[Data items]
________________
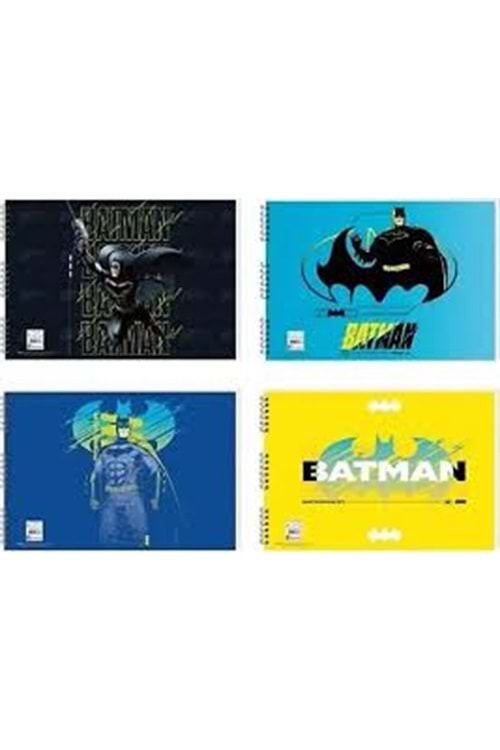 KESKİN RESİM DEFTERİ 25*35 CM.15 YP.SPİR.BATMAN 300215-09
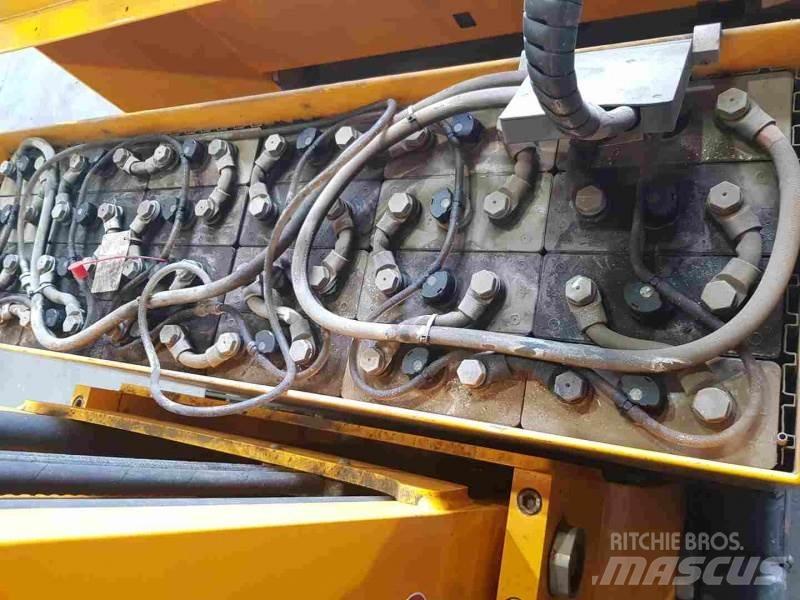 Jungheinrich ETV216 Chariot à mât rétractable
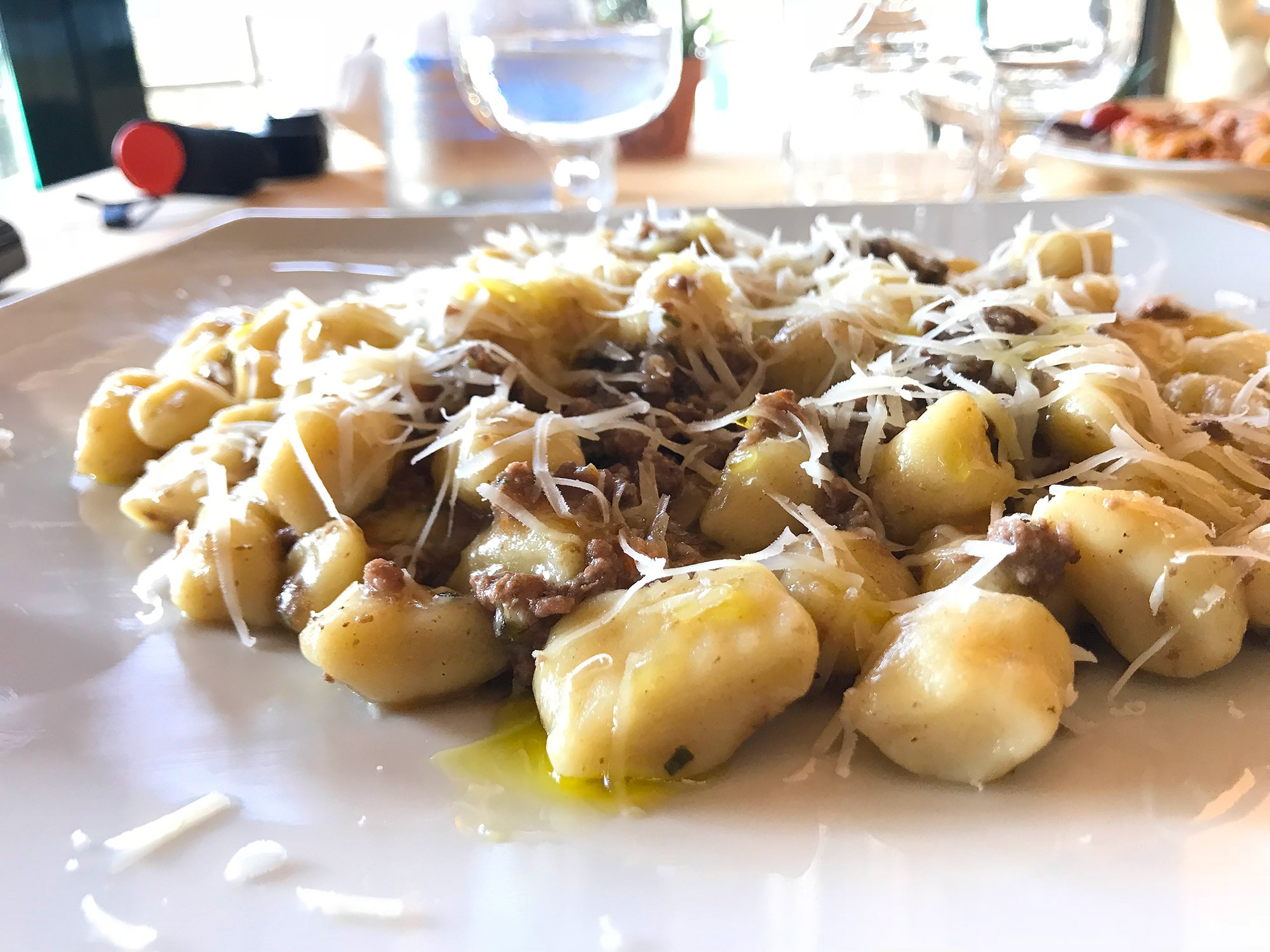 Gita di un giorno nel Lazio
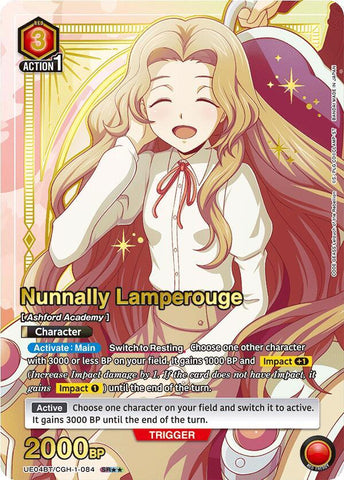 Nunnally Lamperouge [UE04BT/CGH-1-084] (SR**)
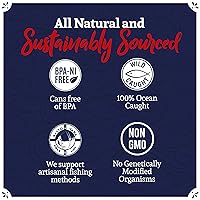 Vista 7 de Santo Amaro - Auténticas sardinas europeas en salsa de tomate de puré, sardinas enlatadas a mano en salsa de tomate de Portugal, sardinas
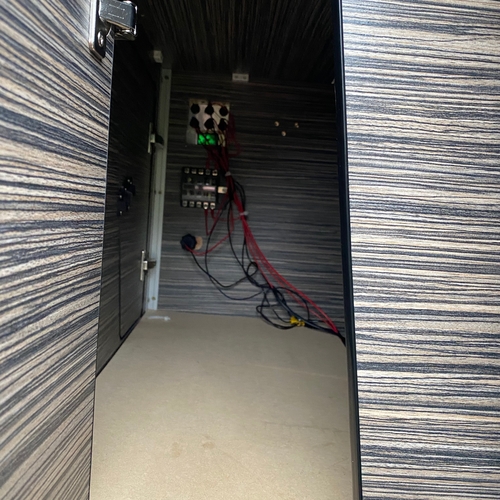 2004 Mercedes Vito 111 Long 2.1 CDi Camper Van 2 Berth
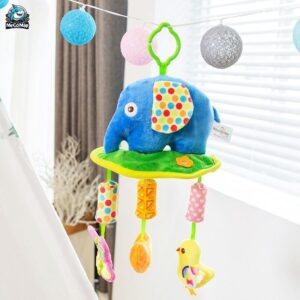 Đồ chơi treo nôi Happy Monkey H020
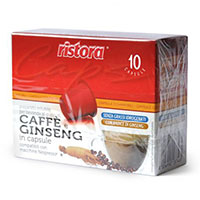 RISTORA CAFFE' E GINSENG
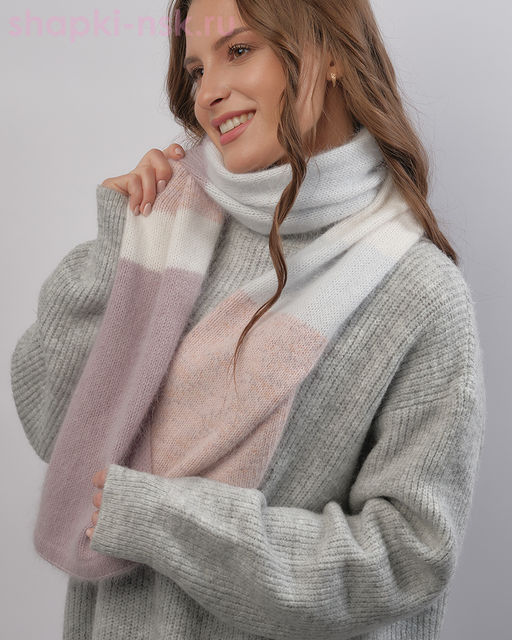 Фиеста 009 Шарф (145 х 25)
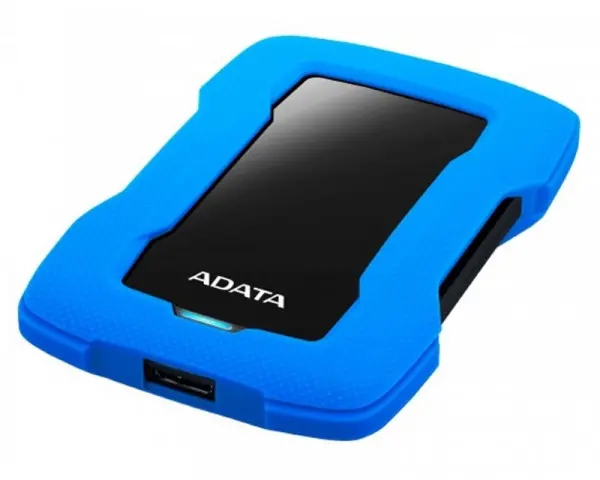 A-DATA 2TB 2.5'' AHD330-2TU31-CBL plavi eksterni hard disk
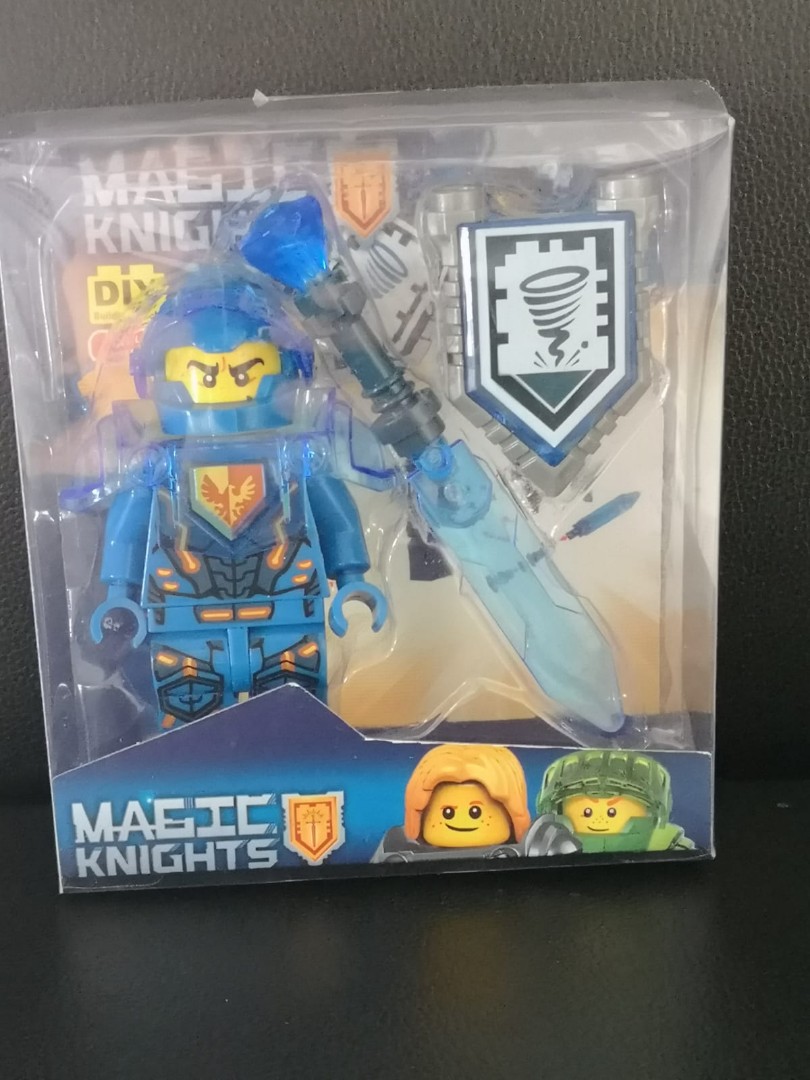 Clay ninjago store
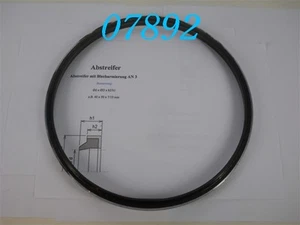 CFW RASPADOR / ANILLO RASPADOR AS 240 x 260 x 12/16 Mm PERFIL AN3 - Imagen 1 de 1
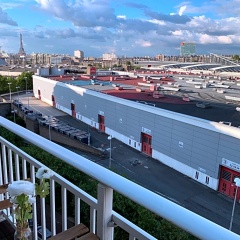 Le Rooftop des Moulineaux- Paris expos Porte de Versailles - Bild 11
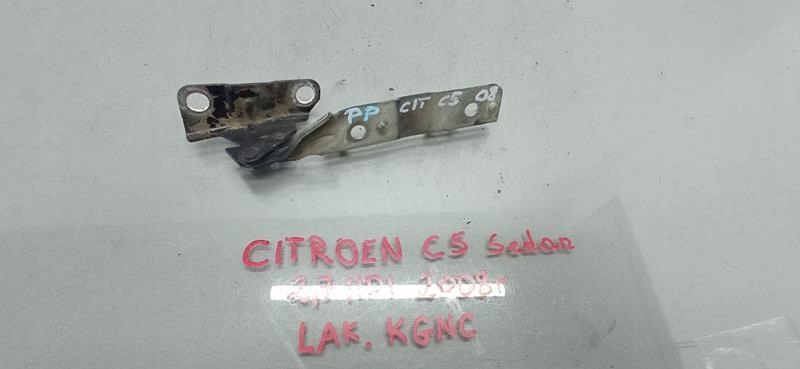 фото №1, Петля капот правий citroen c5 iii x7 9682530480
________________
● **TRY IT**
Going from the line holding "Le Rooftop des" to the last line of the data above, reproduce every line exactly, both included, with the pictures omitted.

● **EXERCISE RESULT**
 Le Rooftop des Moulineaux- Paris expos Porte de Versailles - Bild 11
 фото №1, Петля капот правий citroen c5 iii x7 9682530480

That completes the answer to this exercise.